Tax return fines to rise steeply, HMRC says (Full Article).
People who send in their tax returns late will now have to pay much higher penalties than before.
Previously, filing the returns after the annual 31 January deadline would lead to a £100 fine.
Now, extra fines will ratchet up at a rate of £10 per day, leading to penalties of hundreds of pounds.
HM Revenue & Customs (HMRC) said the new penalties were aimed at a “hard-core” of taxpayers who regularly failed to submit their paperwork on time.
Another big change to the penalty regime is that the fines will no longer be cancelled if the taxpayer owes no money to HMRC, because there was no extra tax to pay or because it had been paid.
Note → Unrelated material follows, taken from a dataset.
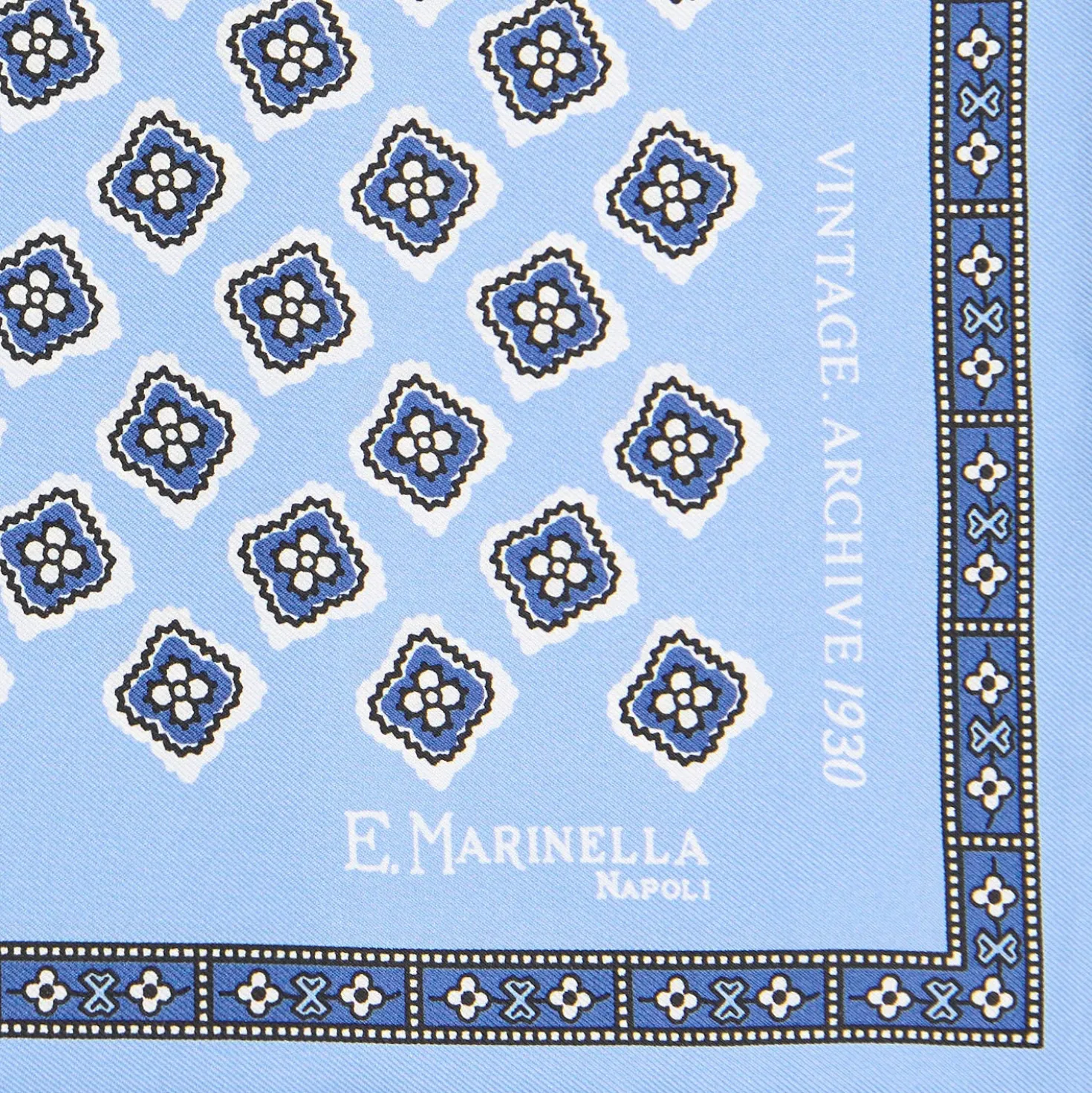 POCHETTE DA TASCHINO IN SETA STAMPATA A MANO AZZURRA Fantasia archivio 1930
“There are always a small number of people who have avoided filing or paying on time,” said an HMRC spokesman.
“HMRC spends a lot of time pursing late returns and getting involved in unnecessary appeals work.
“The old £100 penalty was not much of a deterrent and these new penalties, which increase over time, will get people to submit returns as soon as possible,” the spokesman added.
‘No get out of jail’
The updated rules are being targeted at a minority of the 9.2 million people in the self-assessment tax system.
They all have to send in paper returns by 31 October each year, or online by 31 January.
HMRC estimates that about 5% of these taxpayers have problems assembling the necessary information and filing in the forms on time.
But it estimates that another 5% do not care because, under the old regime, they knew that they would escape any fine because they had no tax to pay.
“There is no longer a ‘get out of jail free’ card,” said the HMRC spokesman.